Once you find the line containing "34 W Blaine St, McAdoo, PA 18237 - photo 1" in the data below, copy it and each following line exactly, up to and including the line containing "Monumental Luxury Rooms", and nothing else.

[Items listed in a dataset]
-*-*-
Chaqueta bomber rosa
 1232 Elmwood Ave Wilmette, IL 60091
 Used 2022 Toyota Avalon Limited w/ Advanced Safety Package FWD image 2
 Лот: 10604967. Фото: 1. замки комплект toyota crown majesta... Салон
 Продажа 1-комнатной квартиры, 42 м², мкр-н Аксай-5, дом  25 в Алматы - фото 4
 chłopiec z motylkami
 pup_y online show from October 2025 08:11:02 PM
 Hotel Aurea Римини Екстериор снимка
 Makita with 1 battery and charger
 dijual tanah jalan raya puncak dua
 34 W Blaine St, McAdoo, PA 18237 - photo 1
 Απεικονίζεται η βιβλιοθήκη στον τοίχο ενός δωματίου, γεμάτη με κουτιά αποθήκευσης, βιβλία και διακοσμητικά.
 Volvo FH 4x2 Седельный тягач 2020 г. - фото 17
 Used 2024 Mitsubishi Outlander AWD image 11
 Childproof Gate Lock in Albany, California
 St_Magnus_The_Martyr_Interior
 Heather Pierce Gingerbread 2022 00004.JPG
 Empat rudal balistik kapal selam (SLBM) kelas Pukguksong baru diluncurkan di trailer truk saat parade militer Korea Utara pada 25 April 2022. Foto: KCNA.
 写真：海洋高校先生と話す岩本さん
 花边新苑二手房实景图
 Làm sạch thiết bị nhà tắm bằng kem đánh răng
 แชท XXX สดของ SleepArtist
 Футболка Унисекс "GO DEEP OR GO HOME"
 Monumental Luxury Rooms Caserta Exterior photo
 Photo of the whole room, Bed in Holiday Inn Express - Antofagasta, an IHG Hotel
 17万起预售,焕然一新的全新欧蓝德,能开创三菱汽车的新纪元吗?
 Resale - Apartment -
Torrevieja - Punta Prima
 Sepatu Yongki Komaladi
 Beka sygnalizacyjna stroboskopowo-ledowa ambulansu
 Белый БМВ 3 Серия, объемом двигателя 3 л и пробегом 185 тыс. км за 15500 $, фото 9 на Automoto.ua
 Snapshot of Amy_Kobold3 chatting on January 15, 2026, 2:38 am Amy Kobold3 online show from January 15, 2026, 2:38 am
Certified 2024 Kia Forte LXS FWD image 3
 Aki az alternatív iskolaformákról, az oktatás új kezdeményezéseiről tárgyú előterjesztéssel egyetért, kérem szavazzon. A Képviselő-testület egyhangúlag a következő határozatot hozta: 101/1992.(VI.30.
-*-*-
* **EXERCISE RESULT**:
 34 W Blaine St, McAdoo, PA 18237 - photo 1
 Απεικονίζεται η βιβλιοθήκη στον τοίχο ενός δωματίου, γεμάτη με κουτιά αποθήκευσης, βιβλία και διακοσμητικά.
 Volvo FH 4x2 Седельный тягач 2020 г. - фото 17
 Used 2024 Mitsubishi Outlander AWD image 11
 Childproof Gate Lock in Albany, California
 St_Magnus_The_Martyr_Interior
 Heather Pierce Gingerbread 2022 00004.JPG
 Empat rudal balistik kapal selam (SLBM) kelas Pukguksong baru diluncurkan di trailer truk saat parade militer Korea Utara pada 25 April 2022. Foto: KCNA.
 写真：海洋高校先生と話す岩本さん
 花边新苑二手房实景图
 Làm sạch thiết bị nhà tắm bằng kem đánh răng
 แชท XXX สดของ SleepArtist
 Футболка Унисекс "GO DEEP OR GO HOME"
 Monumental Luxury Rooms Caserta Exterior photo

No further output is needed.